[Extracted data entries]
----

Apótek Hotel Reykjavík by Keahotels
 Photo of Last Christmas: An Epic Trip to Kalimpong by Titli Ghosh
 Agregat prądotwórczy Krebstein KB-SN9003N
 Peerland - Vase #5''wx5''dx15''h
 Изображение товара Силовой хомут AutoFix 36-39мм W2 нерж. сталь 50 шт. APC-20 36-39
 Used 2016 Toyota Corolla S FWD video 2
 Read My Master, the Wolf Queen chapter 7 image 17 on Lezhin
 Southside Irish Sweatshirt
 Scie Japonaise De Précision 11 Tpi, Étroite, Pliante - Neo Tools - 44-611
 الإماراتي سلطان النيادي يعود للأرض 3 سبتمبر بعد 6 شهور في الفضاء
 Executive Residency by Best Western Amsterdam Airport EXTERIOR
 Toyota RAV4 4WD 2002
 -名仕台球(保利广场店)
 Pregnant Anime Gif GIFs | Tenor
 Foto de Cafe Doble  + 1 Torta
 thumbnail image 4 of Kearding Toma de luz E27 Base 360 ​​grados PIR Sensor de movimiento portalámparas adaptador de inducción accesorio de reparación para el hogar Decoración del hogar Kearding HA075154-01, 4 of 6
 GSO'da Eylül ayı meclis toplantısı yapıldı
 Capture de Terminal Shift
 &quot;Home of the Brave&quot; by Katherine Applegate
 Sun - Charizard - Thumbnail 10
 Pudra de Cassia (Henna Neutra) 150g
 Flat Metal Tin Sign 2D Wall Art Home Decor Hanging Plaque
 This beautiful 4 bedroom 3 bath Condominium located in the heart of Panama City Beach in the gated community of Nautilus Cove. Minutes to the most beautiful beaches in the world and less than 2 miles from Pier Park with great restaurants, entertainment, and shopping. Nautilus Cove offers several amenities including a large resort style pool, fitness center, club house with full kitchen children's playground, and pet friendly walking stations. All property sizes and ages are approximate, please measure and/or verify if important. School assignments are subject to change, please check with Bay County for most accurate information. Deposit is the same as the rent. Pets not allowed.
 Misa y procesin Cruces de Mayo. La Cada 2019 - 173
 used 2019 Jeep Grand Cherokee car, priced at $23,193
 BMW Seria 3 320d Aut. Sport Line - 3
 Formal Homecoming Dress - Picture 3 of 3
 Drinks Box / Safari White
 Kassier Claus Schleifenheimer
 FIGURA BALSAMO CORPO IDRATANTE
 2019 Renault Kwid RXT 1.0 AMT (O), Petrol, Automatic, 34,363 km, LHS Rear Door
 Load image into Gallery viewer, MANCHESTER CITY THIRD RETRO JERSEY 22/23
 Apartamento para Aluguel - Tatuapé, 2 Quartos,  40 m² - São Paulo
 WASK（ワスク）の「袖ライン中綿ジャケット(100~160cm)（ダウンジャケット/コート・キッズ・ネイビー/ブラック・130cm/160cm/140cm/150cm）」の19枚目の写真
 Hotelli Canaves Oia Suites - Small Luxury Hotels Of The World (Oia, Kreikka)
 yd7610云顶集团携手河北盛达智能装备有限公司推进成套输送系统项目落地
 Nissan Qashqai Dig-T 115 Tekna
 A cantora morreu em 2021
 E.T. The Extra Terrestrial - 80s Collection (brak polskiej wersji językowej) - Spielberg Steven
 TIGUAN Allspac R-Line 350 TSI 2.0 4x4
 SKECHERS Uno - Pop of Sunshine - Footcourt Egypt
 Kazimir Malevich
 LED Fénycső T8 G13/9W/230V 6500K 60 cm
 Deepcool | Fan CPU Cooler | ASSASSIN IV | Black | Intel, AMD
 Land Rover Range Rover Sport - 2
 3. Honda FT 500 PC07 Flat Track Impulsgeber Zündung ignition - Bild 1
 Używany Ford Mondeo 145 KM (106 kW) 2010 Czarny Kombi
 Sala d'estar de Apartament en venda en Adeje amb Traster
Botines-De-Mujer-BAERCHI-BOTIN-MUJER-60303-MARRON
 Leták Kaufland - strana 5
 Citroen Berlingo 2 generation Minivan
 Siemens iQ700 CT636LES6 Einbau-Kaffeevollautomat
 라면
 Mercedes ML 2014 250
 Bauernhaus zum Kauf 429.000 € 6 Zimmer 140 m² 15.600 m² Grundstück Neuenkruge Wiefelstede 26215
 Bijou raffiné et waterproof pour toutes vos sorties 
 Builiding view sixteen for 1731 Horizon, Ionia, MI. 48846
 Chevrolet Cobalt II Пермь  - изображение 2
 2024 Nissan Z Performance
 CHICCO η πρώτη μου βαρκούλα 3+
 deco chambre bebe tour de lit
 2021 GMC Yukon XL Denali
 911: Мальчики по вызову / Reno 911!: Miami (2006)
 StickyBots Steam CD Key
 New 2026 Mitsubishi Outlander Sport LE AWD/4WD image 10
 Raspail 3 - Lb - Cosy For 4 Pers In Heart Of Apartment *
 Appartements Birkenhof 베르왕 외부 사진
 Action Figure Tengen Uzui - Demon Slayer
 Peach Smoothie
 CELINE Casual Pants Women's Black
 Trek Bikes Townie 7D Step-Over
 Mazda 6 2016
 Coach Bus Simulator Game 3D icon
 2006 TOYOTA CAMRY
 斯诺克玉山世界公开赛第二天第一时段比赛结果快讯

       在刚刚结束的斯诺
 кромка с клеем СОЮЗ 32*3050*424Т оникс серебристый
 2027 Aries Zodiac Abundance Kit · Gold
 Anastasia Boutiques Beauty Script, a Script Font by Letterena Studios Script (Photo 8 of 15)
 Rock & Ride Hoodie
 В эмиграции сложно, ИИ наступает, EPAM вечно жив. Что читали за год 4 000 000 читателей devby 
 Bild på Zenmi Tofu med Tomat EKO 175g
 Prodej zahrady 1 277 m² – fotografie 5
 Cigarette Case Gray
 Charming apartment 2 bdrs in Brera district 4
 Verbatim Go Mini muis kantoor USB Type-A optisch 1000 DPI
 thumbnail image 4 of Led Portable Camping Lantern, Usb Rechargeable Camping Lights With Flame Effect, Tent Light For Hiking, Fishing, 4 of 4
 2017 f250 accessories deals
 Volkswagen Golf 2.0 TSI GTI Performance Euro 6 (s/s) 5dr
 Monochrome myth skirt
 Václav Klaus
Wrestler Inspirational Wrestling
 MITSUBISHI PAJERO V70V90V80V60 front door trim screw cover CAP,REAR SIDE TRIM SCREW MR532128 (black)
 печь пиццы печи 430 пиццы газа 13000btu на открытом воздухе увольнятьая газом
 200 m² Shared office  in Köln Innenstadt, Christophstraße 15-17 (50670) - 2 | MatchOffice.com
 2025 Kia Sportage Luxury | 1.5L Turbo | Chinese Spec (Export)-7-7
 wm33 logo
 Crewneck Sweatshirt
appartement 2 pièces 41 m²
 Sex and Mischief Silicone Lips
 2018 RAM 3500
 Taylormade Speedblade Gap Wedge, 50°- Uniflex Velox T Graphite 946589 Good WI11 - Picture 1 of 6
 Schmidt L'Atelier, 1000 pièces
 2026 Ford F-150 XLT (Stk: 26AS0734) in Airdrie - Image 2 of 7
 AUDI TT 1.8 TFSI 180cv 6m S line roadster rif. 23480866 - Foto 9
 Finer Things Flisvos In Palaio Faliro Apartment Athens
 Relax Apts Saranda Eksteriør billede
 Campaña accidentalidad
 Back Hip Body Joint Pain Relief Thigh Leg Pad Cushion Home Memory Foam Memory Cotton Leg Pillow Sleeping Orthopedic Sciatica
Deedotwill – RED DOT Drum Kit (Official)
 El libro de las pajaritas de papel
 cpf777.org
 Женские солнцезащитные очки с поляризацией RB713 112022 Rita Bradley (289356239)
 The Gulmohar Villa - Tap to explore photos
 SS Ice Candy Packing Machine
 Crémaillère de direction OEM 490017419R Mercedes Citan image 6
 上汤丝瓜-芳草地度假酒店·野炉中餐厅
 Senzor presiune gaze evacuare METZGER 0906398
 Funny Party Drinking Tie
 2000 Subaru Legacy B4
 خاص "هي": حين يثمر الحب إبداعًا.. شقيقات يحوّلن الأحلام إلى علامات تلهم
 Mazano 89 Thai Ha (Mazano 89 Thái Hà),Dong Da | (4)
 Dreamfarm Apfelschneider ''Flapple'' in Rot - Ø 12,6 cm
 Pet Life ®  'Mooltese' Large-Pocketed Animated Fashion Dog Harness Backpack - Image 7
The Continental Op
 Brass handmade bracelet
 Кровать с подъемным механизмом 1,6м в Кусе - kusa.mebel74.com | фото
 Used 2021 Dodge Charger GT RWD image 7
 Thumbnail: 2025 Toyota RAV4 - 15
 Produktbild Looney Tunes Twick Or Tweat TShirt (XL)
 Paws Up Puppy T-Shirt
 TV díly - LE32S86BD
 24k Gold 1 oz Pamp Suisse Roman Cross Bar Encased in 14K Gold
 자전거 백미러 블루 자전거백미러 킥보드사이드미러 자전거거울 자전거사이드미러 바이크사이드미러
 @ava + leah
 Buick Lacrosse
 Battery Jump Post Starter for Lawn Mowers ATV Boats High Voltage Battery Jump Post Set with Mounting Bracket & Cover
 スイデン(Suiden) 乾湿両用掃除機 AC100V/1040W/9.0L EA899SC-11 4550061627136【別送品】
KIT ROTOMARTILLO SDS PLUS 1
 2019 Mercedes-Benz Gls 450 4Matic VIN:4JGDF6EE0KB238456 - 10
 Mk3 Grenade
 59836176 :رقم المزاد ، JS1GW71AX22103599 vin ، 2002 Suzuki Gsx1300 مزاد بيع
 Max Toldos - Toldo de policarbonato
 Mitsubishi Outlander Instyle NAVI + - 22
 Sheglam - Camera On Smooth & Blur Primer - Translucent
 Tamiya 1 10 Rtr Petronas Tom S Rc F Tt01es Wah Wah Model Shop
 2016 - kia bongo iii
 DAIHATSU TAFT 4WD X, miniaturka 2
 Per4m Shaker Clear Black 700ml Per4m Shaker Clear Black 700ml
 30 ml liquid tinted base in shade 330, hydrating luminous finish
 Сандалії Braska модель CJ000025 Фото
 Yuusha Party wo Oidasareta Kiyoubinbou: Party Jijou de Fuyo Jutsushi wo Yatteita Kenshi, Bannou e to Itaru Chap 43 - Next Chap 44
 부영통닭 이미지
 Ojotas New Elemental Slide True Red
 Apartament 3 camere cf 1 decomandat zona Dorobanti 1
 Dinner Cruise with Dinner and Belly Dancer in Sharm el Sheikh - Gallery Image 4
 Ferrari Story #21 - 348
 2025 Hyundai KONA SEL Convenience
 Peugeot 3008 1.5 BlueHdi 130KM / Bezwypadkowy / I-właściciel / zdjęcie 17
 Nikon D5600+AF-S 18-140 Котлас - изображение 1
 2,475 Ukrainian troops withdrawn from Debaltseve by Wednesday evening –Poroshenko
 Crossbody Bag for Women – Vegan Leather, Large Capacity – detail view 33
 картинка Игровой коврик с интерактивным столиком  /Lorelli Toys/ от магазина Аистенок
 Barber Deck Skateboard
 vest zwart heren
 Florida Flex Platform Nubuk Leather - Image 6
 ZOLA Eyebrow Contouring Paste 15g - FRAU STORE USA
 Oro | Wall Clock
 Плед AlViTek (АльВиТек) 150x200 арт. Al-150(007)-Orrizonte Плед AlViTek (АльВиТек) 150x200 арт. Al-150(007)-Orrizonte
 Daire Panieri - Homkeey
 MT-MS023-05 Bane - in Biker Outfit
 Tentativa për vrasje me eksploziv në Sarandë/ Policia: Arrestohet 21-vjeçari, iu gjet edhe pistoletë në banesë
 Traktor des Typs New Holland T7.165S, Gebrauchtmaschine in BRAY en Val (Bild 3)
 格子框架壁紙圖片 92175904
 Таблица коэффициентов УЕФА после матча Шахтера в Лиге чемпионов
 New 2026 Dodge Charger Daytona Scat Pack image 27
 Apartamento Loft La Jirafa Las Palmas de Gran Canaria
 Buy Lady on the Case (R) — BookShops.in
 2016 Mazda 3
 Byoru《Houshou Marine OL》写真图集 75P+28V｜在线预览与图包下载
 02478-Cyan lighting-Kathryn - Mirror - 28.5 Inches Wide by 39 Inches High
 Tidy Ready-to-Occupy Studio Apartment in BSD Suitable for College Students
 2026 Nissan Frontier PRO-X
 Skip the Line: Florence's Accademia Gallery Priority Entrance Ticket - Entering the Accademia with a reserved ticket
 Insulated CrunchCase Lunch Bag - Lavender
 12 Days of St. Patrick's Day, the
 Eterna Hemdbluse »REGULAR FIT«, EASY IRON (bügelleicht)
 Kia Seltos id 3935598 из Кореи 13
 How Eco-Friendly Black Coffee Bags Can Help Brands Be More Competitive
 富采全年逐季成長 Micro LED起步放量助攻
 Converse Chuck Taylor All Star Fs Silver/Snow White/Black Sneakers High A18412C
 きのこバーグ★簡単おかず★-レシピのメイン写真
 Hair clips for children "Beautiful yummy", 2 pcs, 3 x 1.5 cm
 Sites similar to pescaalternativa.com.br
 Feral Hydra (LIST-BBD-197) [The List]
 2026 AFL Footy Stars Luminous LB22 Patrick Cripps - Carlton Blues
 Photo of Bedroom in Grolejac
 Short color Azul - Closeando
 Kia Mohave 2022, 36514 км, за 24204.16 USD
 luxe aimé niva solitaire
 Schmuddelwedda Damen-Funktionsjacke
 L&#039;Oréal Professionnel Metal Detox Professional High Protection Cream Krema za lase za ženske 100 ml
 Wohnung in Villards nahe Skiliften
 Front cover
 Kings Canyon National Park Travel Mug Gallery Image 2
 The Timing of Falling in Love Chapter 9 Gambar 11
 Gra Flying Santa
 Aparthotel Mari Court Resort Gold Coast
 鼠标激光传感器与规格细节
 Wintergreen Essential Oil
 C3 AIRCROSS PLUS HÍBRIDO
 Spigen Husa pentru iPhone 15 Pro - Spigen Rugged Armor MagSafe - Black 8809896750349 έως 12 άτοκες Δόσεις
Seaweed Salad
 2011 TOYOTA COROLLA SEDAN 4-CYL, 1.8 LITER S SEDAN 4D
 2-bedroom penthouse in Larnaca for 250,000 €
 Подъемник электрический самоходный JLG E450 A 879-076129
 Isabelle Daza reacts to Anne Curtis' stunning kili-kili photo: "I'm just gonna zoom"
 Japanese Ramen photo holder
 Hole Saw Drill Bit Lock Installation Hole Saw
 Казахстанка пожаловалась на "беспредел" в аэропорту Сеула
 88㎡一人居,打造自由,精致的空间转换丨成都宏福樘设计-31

----

### Exercise
Your reply should consist of one number: how many lines in the entries contain the string "Apartamento".

### Solution for this exercise
2